Monday, November 7, 2016

vRNI - Initial Setup

We now have vRNI installed and ready to go. The first thing you probably want to do is to change the default passwords. You can either setup LADP/AD or create a local admin account to login to the Platform. Either way, you want to not have to use the default admin@local account.

To setup AD or create local user account, scoop over to the top right of the screen to click the cog and choose settings (where we will spend most of the time in this post). I didn’t get around seting up my LDAP server so I’ll be skipping that part (and you can always google how to configure a LDAP server if you don’t already know). So I just created a new user (where it says User Management), elver@piratas.caribe, and gave it a role of administrator (the user must be in the form of an email address). I then log off admin@local and re-logged in with the new user. Returning to User Management you now have the option of deleting the admin@local account.

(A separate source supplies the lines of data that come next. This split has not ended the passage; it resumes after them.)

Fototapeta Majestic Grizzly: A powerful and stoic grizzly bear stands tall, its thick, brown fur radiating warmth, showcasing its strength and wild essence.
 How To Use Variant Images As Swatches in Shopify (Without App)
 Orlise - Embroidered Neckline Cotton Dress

Elver’s Opinion: You also want to change the CLI user password but I couldn’t figure out how to do it. I reached out to some folks at VMware and will put an update here once I hear back from them.

Next you want to add some Data Sources. vRNI’s purpose for its existence is to gather data from different Data Center infrastructure entities, such as vCenter, NSX Manager (the main vRNI selling point), physical servers and network devices (another vRNI selling point) and do some wizardly on that data. Collectively these guys are referred to as Data Sources. Two Data Sources you really want to add are vCenter and NSX Manager. There does not seem to be a limit of how many of each you can add, however every NSX Manager must be linked to an existing vCenter Data Source (so vCenter must always be added first).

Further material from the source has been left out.